With Cotton made in Africa textile companies better get to know their raw material

20.09.2016

This year’s Stakeholder Conference of Cotton made in Africa (CmiA) and the Competitive African Cotton Initiative (COMPACI) was held from September 7 to 8 in Munich and was attended by over 100 experts in the textile value chain from over 20 countries. The two ends of the textile production chain met, with companies and brands like OTTO, Ernsting’s family, Engelbert Strauss, Sportscheck and Jack & Jones at one end and cotton producers from Africa at the other end. They discussed how to achieve sustainability in the field, transparency along the supply chain, and new communication strategies for trading sustainable products.

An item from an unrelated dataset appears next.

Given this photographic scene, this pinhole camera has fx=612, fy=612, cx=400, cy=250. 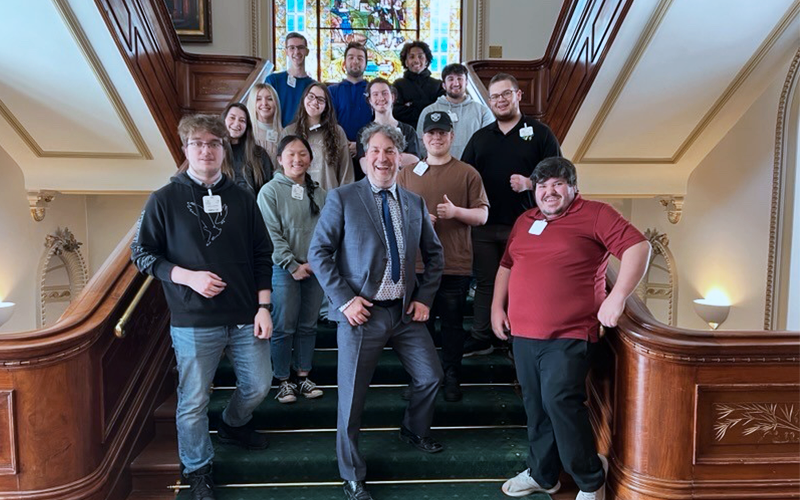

Helmut Fischer, Head of the Division “Sustainability Standards” at the Federal Ministry for Economic Cooperation and Development (BMZ), opened this year’s annual conference and underlined the importance of Cotton made in Africa (CmiA) as one of the main standards for sustainable cotton. Richard Rogers, Senior Program Officer for Global Development at the Bill and Melinda Gates Foundation summed up his work with CmiA and COMPACI which has spanned almost 10 years and said: “We have learned to listen to the smallholders. The Aid by Trade Foundation has done a good job of raising the interest of textile companies and brands in African cotton. My wish for the future would be that companies would pay as much attention to their value chains and, more importantly, to the farmers as they do to the consumers.”
Once again, the conference followed the thread from field to fashion. The increased significance of sustainable cotton and textiles is fuelling the demand for transparency in the supply chain. Cotton made in Africa therefor offers solutions which can be easily put into practice with the help of new technologies and expert knowledge. The systems required to guarantee traceability are already in place and the databases are just waiting to be filled, according to Sanjay Gupta of Direction Software Solutions specialized in IT-based solutions for a transparent value chain. The participants included Anne Pattberg of PwC, expert in business philosophy Dominic Veken, Claudia Gersdorf of Viva con Agua, Dörte Lehne of OTTO, and Jaswinder Bedi, Manager of a vertically integrated textile factory in Uganda, and they all agreed that any sustainability strategy must be translated into a persuasive message which ultimately communicates the product to the customer.
Another item on the agenda was the training for the smallholders – a special service by COMPACI and CmiA. Representatives of the cotton companies and agricultural experts discussed how to cater even more effectively to the needs of the smallholders and concluded that gender-specific course content, new technologies, and the integration of food and cash crops must be central to the CmiA curriculum.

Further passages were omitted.